- **Task objective**: Write out exactly the lines running from the one with "IPL 2025: Lucknow" to the end of the data, including both of those lines and excluding pictures.

- **Dataset content**:
________________

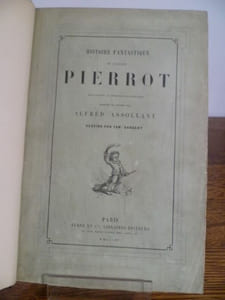 Histoire fantastique du célèbre Pierrot écrite par le magicien Alcofribas, traduite du sogdien par Alfred Assollant. Dessins par Yan Dargent. 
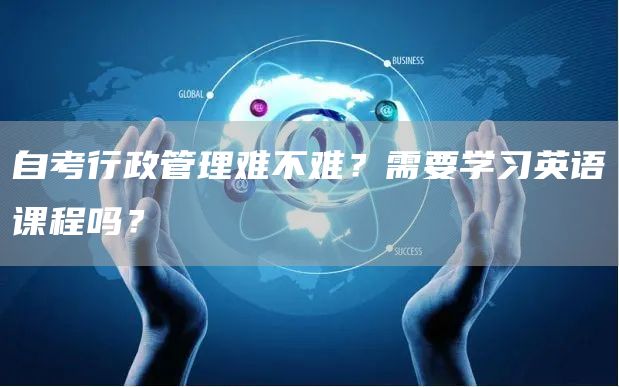 自考行政管理难不难？需要学习英语课程吗？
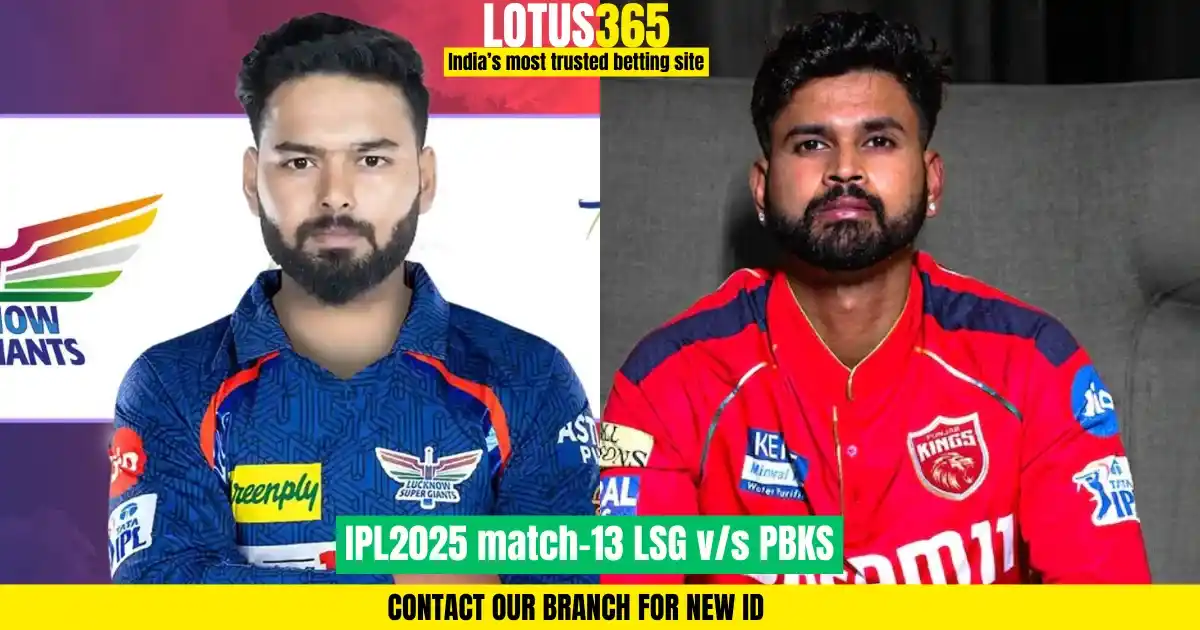 IPL 2025: Lucknow Super Giants vs Punjab Kings | Match 13 Predictions, Pitch Report, AI Insights from Lotus365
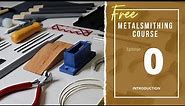Introduction & Basic Tools - (free) Online Metalsmithing Class by Estona Tutorials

________________

- **Exercise output**:
 IPL 2025: Lucknow Super Giants vs Punjab Kings | Match 13 Predictions, Pitch Report, AI Insights from Lotus365
Introduction & Basic Tools - (free) Online Metalsmithing Class by Estona Tutorials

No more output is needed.